The progression of degeneration is proposed to loop between both ends of the femur. Which joint degenerates more quickly is influenced by many variables, yet the number of knee replacement surgeries is approximately double that of the number of hip replacements.4 Might these relationships be a factor in chronic low back dysfunction and pain? In my clinical experience, the answer is a resounding "Yes."5
Very early in my career, one of my instructors stated that knee problems usually begin as hip troubles, yet did not describe "how."6 From experiences with tens of thousands of clients, I now believe a posterior shift of the femoral head coupled with this angular relationship between the two ends of the femur is at least part of the answer. Further, with the associated tracking relationship of the knee being strained, I theorize that the increased friction between the opposing joint surfaces contributes to knee degeneration over years of misaligned compression.
I further propose that the degeneration of the hip, knee and shoulder may have an evolutionary linkage. My conjecture is that their inherent weaknesses come to us as an evolutionary pre-disposition from our time as primates living in trees. A fall from a height all too often led to an immediate or eventually related death. Those dead primates' genes were not passed on. As a result, I propose that nature selected for a more flexible anterior shoulder capsule and a more distensible posterior hip capsule to assist the capacity to "tuck and roll" during a sudden fall.

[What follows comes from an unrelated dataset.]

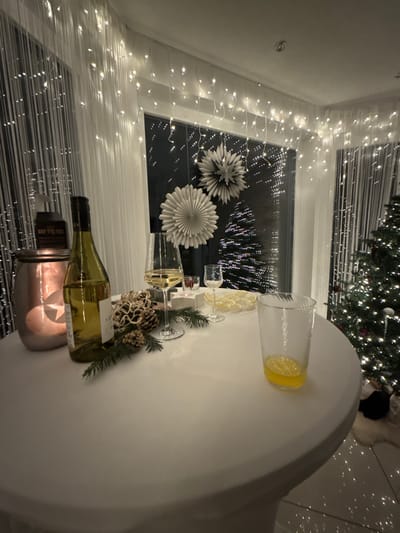 A festive table setting features a wine bottle in an ice bucket, a clear pitcher with lemon slices, wine glasses, and decorative greenery. The table is white, possibly covered with a tablecloth. A Christmas tree is visible in the background. Fairy lights adorn the window, with decorative paper fans. The scene conveys a celebratory, elegant, and cozy ambiance.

Take a moment to consider: Aren't all falls sudden? Remember for yourself a time when you had a sudden, unexpected fall. Did you not endeavor to twist while going down? One may not have been successful, but the automatic response to do so was there. It is a good thing we have these reflexes to assist us.
Typically, after a fall or significant impact, these reflexes lock into the nervous system shortening one entire side of the body. Thomas Hanna referred to this as a Lateral Trauma Reflex. Might such an ipsilateral shortening be a variable that could contribute to the degeneration of the joints being discussed? Over 25 years of my clinical experience with clients supports this assertion.7
Additionally, it is an osteopathic construct that the fascial elements from the latissimus dorsi's attachment to the humerus relate downward throughout the torso via the sacroiliac joints, blending into the lateral hamstrings, then descending further along the peroneal muscle group to the lateral ankle and foot.8 This one construct gives us a fascial linkage between the joints that need to be most commonly replaced. I don't think that is a coincidence, do you?
Most importantly, as massage therapists, it suggests that we may be able to provide preventative assistance if clients come to us earlier in the progression of their joint degenerations. For those of us in our profession who feel the call to learn more of how to assist clients with these progressions of degeneration, this is the time. Those who are aging and desire to be active throughout the span of their lives need you. This is a call to action, our nation needs you.
My next article will explore the more intrinsic relationships of anatomy and physiology that I have clinically correlated to be contributing variables to the progression of degeneration within these joints. Reflect for a moment, our quality of life really does depend upon the normal functioning of our hips, knees and shoulders.